I love him and he loves me... so why is this so hard?


----------



## Kauaiguy (May 8, 2011)

just_me said:


> I guess I am just realizing we are separated. We've been together more than half of our lives. We moved in together when we were 18, had our dd at 22 (married at 23) and now at 37, here we are. I asked him to leave on Saturday.
> 
> We have communicated through text and email and he is now admitting to being unhappy for a long time. Of course, I knew it and felt it for a long time, but he wouldn't admit it to me for fear of hurting me, or so he says. He seems to understand that not being honest was hurting me too.
> 
> ...


I guess all marriages get into a rut after a few years. One of the couple changes (such as our case) and all of a sudden you have nothing in common. Another reason is getting married too young OR married your high school girlfriend and have not experienced any other relationship, and now they want to experience it.

There are many reasons why this happens not to mention the financial aspect of it. But lost of love is NOT always the reason for the separation or even divorce.

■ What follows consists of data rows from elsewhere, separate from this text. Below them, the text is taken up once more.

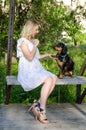 Blonde young woman teaches a dog to give a paw. Vertical view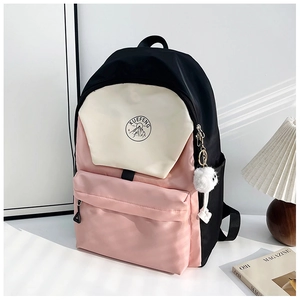 Detail view of water-resistant nylon backpack with three-color stitching and plush pendant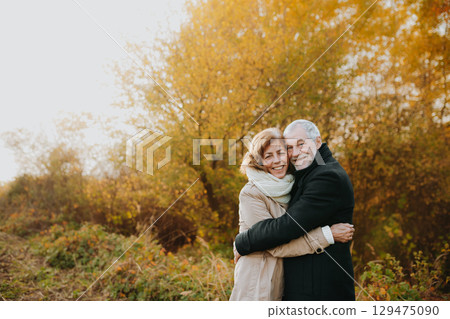 Romantic walk through fall forest by senior couple. Romantic walk through fall forest by senior couple. 129475090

Wife and I still love each other ... we just can't live with each other. Living together but living separate lives makes for a stressful environment. I tried it for a few years, but at the beginning of this year, I just couldn't handle it anymore.

I asked wife it there was a way we could make this marriage more livable and she opted for the divorce. Now she says that she just wanted a separation, but her attorney talked her into the divorce. Sez it's less complicated.

She wants to remain friends and she comes around quite often, so even though we're divorced, there's still a glimmer of hope.
We'll see where it ends up .. but right now I think we made the right decision. 

The point is .... it's NEVER over while a spark still burns.


----------



## reindeer (Mar 24, 2011)

Justme I understand how you are feeling. I told my husband to leave 8 days ago. You can find more if you look on my threads.

Our problems have been that he wanders a bit, as he feels he needs freedom. I have been controlling over some things such as not wanting him to join the territorial army (although I proposed this last October).

Anyway husband has said that feels we have made each other into people he does not (like me ), orrecognize (him), by our behaviours. After 7 months of this discussion his self esteem low Iasked him to go.

He has gone (10 minute walk away!) wants us to get on, thinks we could be happy separate. No plans for divorce, or reconcilliation. I think he loves me, and I think I love him. I have to say after the last week or so, I would not want him back right now, but then that is not a possibility. We said we might meet end of week, but I don't know if I want to. He is in contact each day with our daughter, but we are not contacting each other much. For now I think that is ok.

It will be hard for you, as there are no real concrete things for youto say why it happened and it does seem a shame, however space and time may be what is needed. You will both change now, and grow.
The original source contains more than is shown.